Thursday, April 23, 2009

U.S. Troop Focus on Southern Afghanistan, General Says

By Gerry J. Gilmore
American Forces Press Service

April 22, 2009 - Southern Afghanistan –- the home of the Taliban as well as host to the country's opium-growing industry –- is now the focus of the anti-insurgent campaign there, a senior U.S. military officer posted in Afghanistan said today. Probably 80 percent of insurgent activity in Afghanistan is "in the south right now," said Army Maj. Gen. Michael S. Tucker, deputy chief of operations for NATO's International Security Assistance Force and deputy commander for operations for U.S. Forces Afghanistan.

Some 20,000 additional U.S. troops are headed to Afghanistan this summer. Most of those forces, Tucker said, will be posted in the south to pressure Taliban militants and to assist with governance and humanitarian operations.

"Obviously, the south is the center of gravity for the Taliban themselves in Kandahar [province]," Tucker said. The strategy in the south, he continued, will be "to reach out to villages" and assist local governance efforts, while working with local Afghan troops and police.

The additional U.S. forces, Tucker said, will help to "get the job done as efficiently and as quickly as possible." In the past, he added, U.S. troop presence in southern Afghanistan was scant.

Meanwhile, increased information sharing among U.S., coalition, Afghan and Pakistani security forces arrayed along the Afghan-Pakistan border to the east is helping to keep insurgent cross-border activity "in check," Tucker said.

"The end result is we're able to take advantage of the border regions that the insurgents used to be able to take advantage of with impunity," Tucker said. While it's impossible to totally seal off the border, he said, increased cooperation along the Afghan-Pakistan border is enabling the interdiction of more and more insurgents.

An additional 4,000 U.S. trainers will be posted in eastern Afghanistan to assist in the instruction of Afghan soldiers and police, Tucker said.

"Again, I can't emphasize enough the importance of building indigenous capacity in the Afghan national security forces so that they can eventually secure the country themselves," Tucker said.

Meanwhile, Tucker said, U.S. Drug Enforcement Agency members posted in Afghanistan are working with their Afghan counterparts to go after opium growers and drug traffickers in Helmand province, also in the south. Heroin is processed from poppy plants.

Anti-drug forces in Afghanistan have seized more opium during the first four months of this year than was confiscated during all of last year, Tucker said. Some United Nations estimates, he said, point to $400 million being generated annually through the Afghan drug trade, some of which is used to fund the insurgency there.

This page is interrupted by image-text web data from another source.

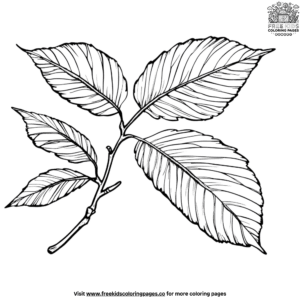 Walnut leaf coloring pages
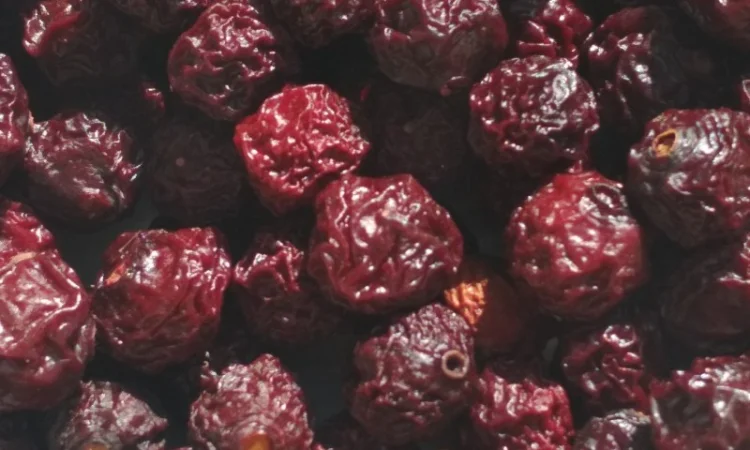 Продам сушенную вишню - фото № 1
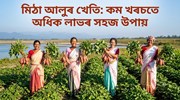 মিঠা আলুৰ খেতি: কম খৰচতে অধিক লাভৰ সহজ উপায়
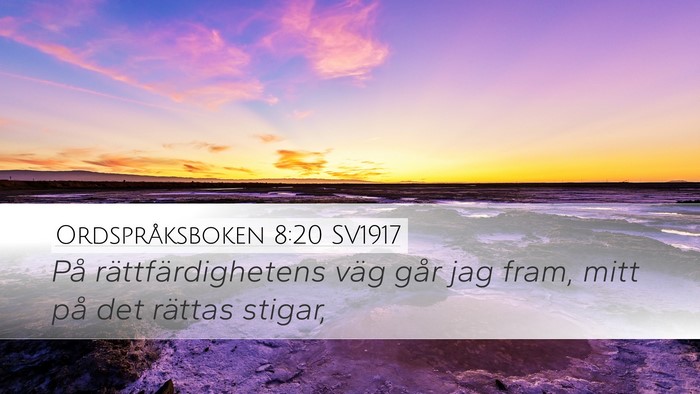 Ordspråksboken 8:20 SV1917 Bible Verse Image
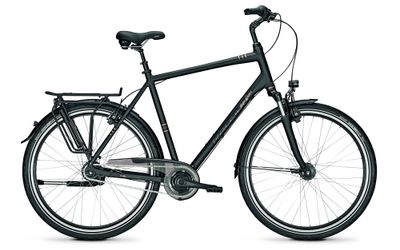 Stadtrad Raleigh CHESTER 8 XXL 2022 (Bild 1)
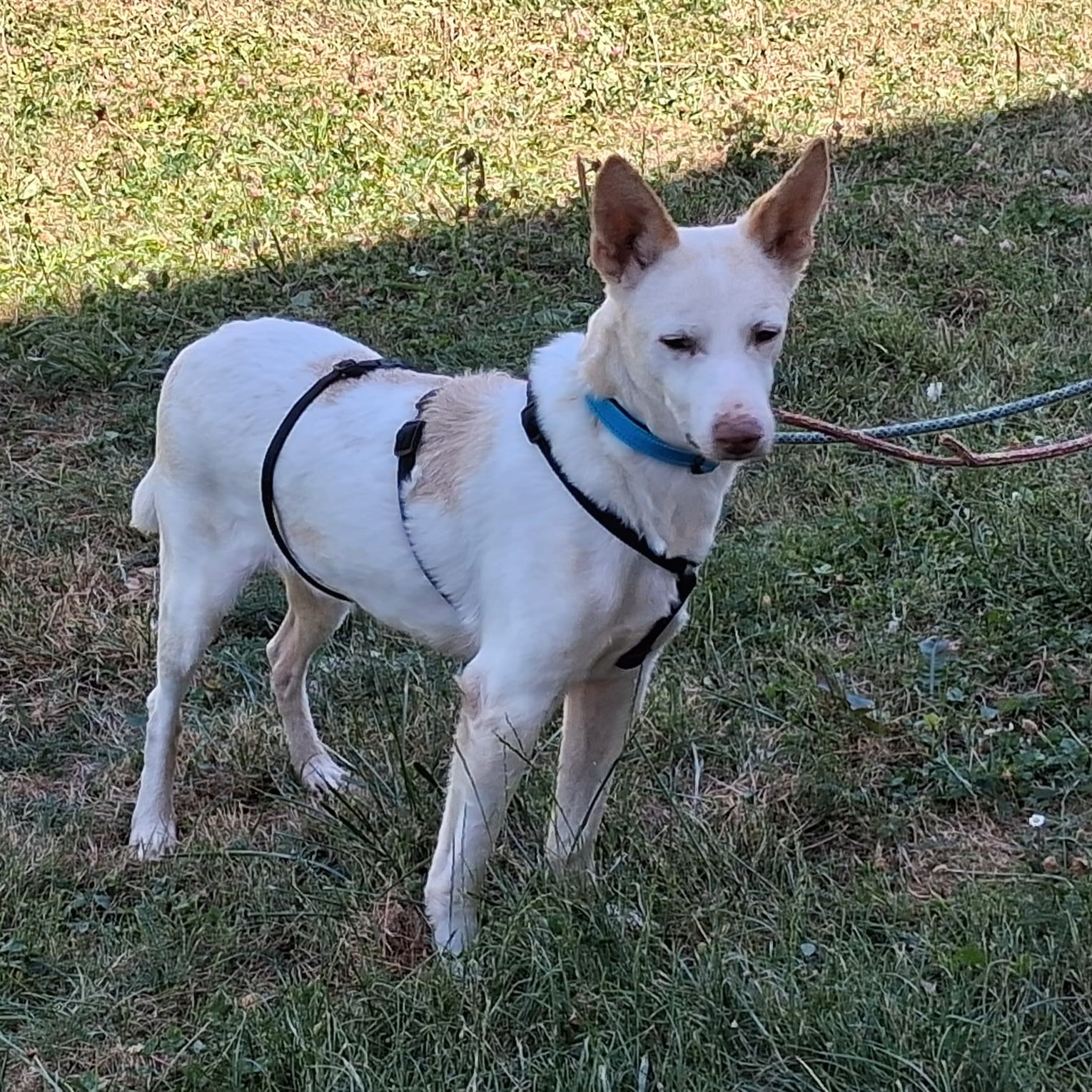 Podenco Pancho, 04/2013, ca. 40 cm, 74399 Walheim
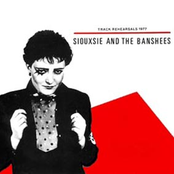 Captain Scarlet by Siouxsie And The Banshees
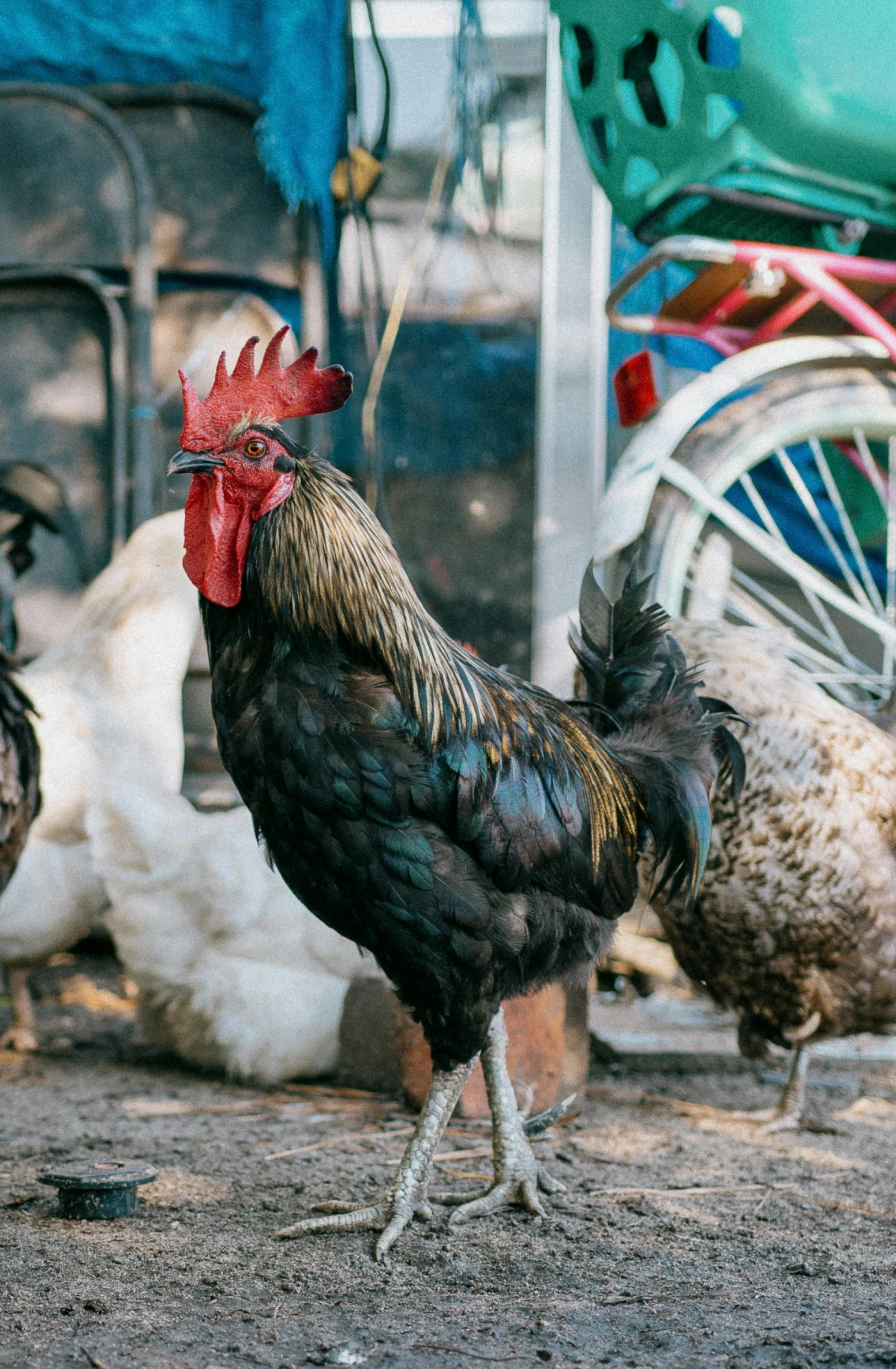 there are some chickens and roosters by some carts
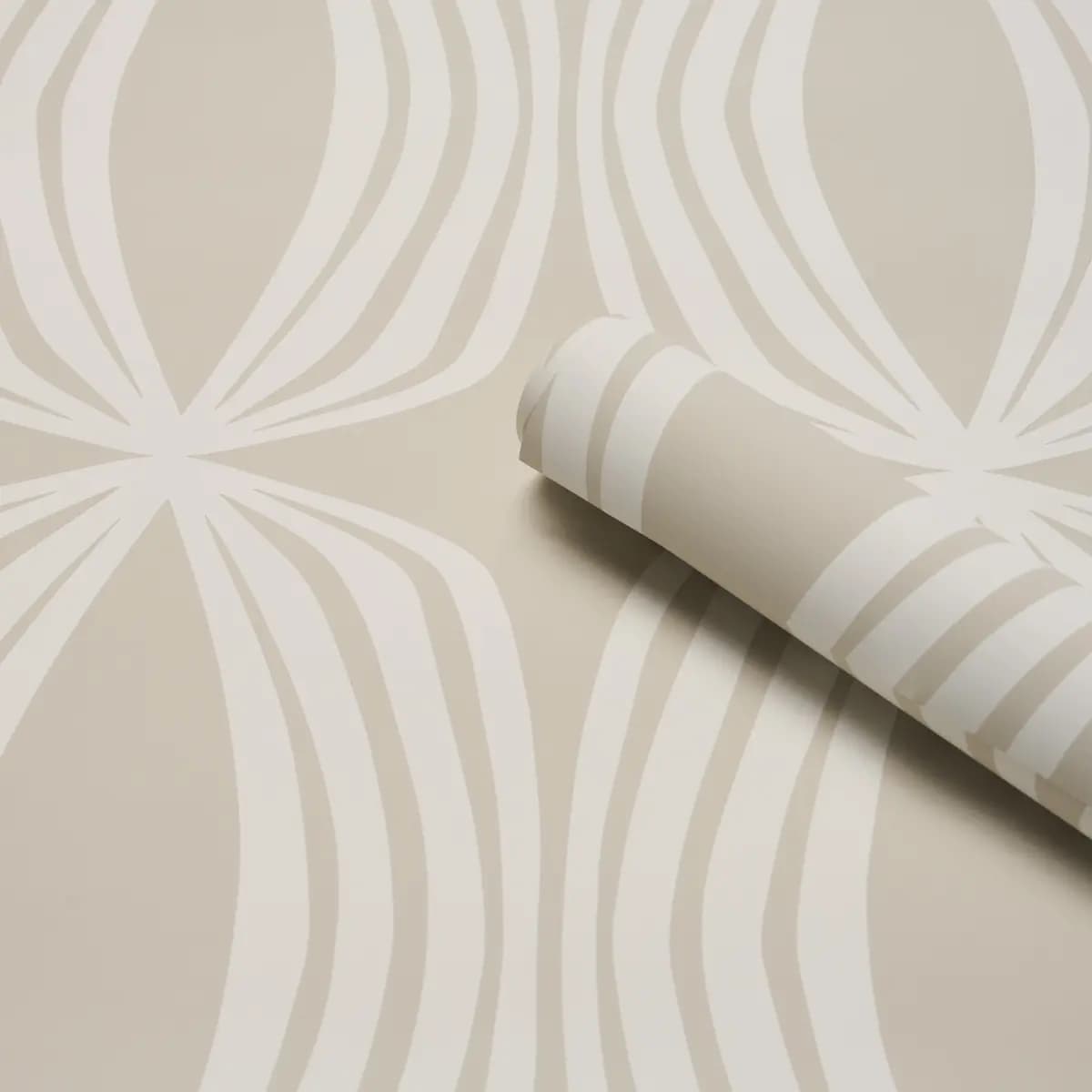 FONTANA_ BIRCH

"Every strike that we make on a narcotics lab or a storage facility is done in conjunction with the Afghan Counternarcotics Police," Tucker said. Search warrants for the raids, the two-star general noted, are provided by Afghan judges.

"So, we're looking at a very good year in terms of counternarcotics operations and the attacking of the nexus where narcotics and [the] drug trade benefits the insurgency," Tucker said.